Kafamı dağıtmak için havadan sudan konuşmak istiyoruz. Geyik muhabbetleri sarıyor dilimizi, üç beş lakırdının ardından, gerçeğin yankısı çalınıyor kulağımıza, bir korna sesi bu. Beni almaya gelen bir kadın var, adı Rana,soyadı Çelik. Hepsi bu...
Ürperiyorum, Yaren dokunmakla dokunmamak arası değiyor koluma, bir şeyler söylemek istiyor giderayak, ama susuyor. biliyor ki, yıllarca konuşsak değişen bir şey yok kalbimizde. Benim annem birazdan bahçe kapısından girecek olan o kadın değil, o bana biraz önce sarıldı bile, on beş yıldır yanımda ve sen benim diğer yarımsın Elvan dedi.. Kulaklarım bundan ötesine tıkalı...
Küçük bir bavulum var, yetimhane dediğin yer için büyük bile, onu taşırken ayaklarım geri geri gidiyor. Korkmak gelmiyor aklıma, şaşkın ve tedirginim, nasıl bir kadınla karşılaşacağım, onu affetmek mümkün olacak mı, ona sorduklarıma cevap vermek isteyecek mi, daha doğrusu verdiği cevaplar benim için neyi değiştirecek?iki dakikada aldığımız o yol, bana bir asır gibi geldi.
İşte tam karşımda!
Etrafımdaki bütün nesneler değersiz şu an, bir sandalyeye ihtiyacım var birde kağıt mendile...
Hayır...Duygusallık yok
Bakıyorum ona, ağlamış belli ki, ikiye bölünmüş gibiyim.
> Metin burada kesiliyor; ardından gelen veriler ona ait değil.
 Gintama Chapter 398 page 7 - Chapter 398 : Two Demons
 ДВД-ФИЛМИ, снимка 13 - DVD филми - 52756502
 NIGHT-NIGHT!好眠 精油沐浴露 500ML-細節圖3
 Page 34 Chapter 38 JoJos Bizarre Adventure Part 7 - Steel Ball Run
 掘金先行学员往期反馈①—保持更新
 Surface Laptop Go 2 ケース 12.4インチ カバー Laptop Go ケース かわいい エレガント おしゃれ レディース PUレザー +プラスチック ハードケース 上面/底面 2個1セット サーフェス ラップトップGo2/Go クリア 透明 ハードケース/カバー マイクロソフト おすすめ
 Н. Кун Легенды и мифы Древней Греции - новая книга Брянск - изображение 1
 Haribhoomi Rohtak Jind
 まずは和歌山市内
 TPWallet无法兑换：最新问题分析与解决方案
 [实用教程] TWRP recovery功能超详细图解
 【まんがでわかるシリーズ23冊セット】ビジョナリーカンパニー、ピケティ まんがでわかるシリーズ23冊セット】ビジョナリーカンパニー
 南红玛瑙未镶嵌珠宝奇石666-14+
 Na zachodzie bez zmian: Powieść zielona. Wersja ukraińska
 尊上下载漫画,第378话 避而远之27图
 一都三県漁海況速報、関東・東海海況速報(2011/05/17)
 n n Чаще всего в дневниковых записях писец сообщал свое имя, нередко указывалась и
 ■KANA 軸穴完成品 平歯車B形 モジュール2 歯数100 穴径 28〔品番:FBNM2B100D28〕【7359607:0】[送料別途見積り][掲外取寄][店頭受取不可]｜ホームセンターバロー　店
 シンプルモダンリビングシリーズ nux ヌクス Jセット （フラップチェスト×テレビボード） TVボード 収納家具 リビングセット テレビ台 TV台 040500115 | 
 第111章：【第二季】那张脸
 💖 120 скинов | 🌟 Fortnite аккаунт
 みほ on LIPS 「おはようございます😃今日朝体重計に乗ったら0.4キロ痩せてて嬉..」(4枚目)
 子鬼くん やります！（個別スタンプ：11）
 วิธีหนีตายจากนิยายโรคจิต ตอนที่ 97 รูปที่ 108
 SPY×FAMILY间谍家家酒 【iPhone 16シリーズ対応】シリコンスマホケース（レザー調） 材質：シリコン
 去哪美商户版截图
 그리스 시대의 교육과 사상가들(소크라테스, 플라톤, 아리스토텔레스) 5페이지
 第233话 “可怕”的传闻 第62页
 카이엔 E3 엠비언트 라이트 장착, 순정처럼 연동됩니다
Bir yanım delice ona koşup sarılmak istiyor beni bağrına basmalı, onca yılın acısını çıkarırcasına sıkmalı ellerimi, acıtmalı; ama ben okşuyor sanmalıyım. Rengim solmalı mutluluktan, ama içimden bir ateş yakmalı ciğerime dek...
Ama olmuyor. Tutuldum yine...
Elinden tuttum, ama Yareni, “bırakma” diyorum gözlerimle, anlamış olacak ki beni itiyor yavaşça, “git” diyor, zamanla affedeceksin, hazır olduğunda....
Gözlerim yüreğim gibi çaresiz. Ona odaklanmış, yanıma gelmiyor, benim gelmemi bekliyor belki, adımlarım olabildiğince yavaş, ama onun menziline girdim bile, ne yapsam bu anı yaşamamız gerektiğini biliyorum ve bazı gerçeklerin ben istesem de değişmeyeceğini...
Karşısındayım..Dudaklarımı ısırırken buluyorum kendimi, elimi uzatıyorum,Yaren şaşkın, çünkü elim boşlukta bekliyor bir süre ve o zaman anlıyorum 18 yıldır yangınlarımın sebebi, hayatımın baş kahramanı o kadın aslında kör...
“Nasılsın yavrum?” diyor... Sesi o kadar hafif ki..
Ben konuşacak güçte değilim. Koluna giriyor Yaren ve bizi biraz önce kalktığımız o banka götürüyor... Baş başayız...
Ne konuşacağız? Elimi arıyor, bense ağlıyorum... Oluk oluk boşanıyor yaşlar, artık tutmanın bir anlamı yok, tüm öfkem yerini hüzne ve kedere bıraktı...
Artık özgür değilim, bu andan itibaren aramızda kopamayacak bir bağ var. Affetmek için bir sebep sundu tanrı bana. Bu acımak mı, acıma yanmak mı bilmiyorum.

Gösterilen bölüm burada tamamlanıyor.